Host API (C driver)¶
The host-side C library that builds VLIW instructions and writes them
to the NPU’s AXI-Lite control surface. Split into a thin HAL (MMIO
register accessors + IRQ-free wait_idle polling) and a public API
that mirrors the ISA 1:1.
See also
- Developer Reference for pccx v001 Host API
Human-readable developer reference for the same API.
Public API¶
uCA_v1_api.h— public function prototypes (pccx_init,pccx_gemv,pccx_gemm,pccx_cvo,pccx_memcpy,pccx_memset,pccx_sync).uCA_v1_api.c— implementation: per-opcodebuild_*_instrhelpers that pack arguments into 64-bit VLIWs and hand them to the HAL.
uCA_v1_api.h
// ===| uCA API (High-Level Driver Interface) |====================================
// uCA: micro Compute Architecture — AI model acceleration API for FPGA NPU.
//
// This is the "CUDA equivalent" for the uCA NPU. Application code
// (sw/gemma3NE4B/ and future projects) should call only functions from
// this layer — never touch the HAL directly.
//
// This layer builds 64-bit VLIW instructions per the ISA spec (docs/ISA.md)

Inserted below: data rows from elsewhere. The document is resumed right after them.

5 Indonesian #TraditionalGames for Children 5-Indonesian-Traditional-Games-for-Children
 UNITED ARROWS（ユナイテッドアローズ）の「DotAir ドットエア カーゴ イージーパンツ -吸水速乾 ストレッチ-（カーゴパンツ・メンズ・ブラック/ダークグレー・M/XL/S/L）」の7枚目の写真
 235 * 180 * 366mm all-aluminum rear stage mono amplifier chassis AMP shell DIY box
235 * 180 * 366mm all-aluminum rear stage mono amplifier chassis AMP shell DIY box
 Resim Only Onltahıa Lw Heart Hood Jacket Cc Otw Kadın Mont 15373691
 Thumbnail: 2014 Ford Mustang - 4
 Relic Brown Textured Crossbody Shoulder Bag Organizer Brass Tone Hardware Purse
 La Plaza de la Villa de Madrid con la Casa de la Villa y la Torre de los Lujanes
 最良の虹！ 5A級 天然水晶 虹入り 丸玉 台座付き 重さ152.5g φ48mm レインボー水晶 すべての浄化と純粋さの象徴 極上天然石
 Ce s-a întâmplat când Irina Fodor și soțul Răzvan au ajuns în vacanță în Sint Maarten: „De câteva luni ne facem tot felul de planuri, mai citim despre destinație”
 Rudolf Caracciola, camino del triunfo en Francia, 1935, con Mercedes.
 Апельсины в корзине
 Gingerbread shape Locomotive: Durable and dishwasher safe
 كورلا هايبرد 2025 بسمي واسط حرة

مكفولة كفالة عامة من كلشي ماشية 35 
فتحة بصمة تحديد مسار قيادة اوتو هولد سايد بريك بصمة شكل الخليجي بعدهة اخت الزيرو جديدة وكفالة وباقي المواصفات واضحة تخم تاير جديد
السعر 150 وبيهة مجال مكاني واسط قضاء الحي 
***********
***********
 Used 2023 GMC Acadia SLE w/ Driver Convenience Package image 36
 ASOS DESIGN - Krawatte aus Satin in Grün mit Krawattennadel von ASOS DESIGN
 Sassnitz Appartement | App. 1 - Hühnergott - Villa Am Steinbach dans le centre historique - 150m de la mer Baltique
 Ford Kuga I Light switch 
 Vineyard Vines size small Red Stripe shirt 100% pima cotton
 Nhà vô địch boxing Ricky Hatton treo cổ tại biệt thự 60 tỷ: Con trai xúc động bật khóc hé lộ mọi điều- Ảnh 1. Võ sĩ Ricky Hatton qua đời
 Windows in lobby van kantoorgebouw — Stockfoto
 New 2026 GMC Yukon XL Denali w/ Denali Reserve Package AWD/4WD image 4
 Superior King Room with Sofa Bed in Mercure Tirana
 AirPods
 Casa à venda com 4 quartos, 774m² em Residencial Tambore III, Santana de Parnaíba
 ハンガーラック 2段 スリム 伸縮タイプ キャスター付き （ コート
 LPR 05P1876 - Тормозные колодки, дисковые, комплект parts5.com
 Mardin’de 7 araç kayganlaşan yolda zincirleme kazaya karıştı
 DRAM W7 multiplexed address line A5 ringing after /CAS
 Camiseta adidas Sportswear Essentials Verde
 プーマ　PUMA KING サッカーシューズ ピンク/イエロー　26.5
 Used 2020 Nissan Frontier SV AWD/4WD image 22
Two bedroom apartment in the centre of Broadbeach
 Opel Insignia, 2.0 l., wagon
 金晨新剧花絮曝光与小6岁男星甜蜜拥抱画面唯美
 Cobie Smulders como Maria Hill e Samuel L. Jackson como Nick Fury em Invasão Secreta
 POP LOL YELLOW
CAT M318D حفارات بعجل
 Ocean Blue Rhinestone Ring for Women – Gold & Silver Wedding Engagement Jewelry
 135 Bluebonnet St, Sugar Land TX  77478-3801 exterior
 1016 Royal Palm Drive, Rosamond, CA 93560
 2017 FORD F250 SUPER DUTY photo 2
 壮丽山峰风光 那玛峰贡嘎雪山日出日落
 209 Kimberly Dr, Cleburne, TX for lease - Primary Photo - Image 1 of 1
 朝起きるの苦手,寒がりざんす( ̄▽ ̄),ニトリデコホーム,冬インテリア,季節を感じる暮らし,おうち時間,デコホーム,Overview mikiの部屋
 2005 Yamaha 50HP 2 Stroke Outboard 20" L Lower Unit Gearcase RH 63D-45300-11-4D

// and issues them via the HAL. The NPU frontend is fully decoupled: each
// uca_* call returns immediately after issuing to the instruction FIFO.
// Call uca_sync() to wait for all in-flight operations to complete.
//
// Encoding reference: docs/ISA.md
// ================================================================================
#ifndef UCA_V1_API_H
#define UCA_V1_API_H
#include <stdint.h>
// ===| Opcode Definitions |======================================================
// Must match ISA.md §2 and isa_x64.svh opcode_e
#define UCA_OP_GEMV 0x0
#define UCA_OP_GEMM 0x1
#define UCA_OP_MEMCPY 0x2
#define UCA_OP_MEMSET 0x3
#define UCA_OP_CVO 0x4
// ===| GEMV / GEMM Flags (6-bit) |===============================================
// Must match ISA.md §4 and flags_t in isa_x64.svh
#define UCA_FLAG_FINDEMAX (1U << 5) // Find e_max over output (for softmax)
#define UCA_FLAG_ACCM (1U << 4) // Accumulate into dest (do not overwrite)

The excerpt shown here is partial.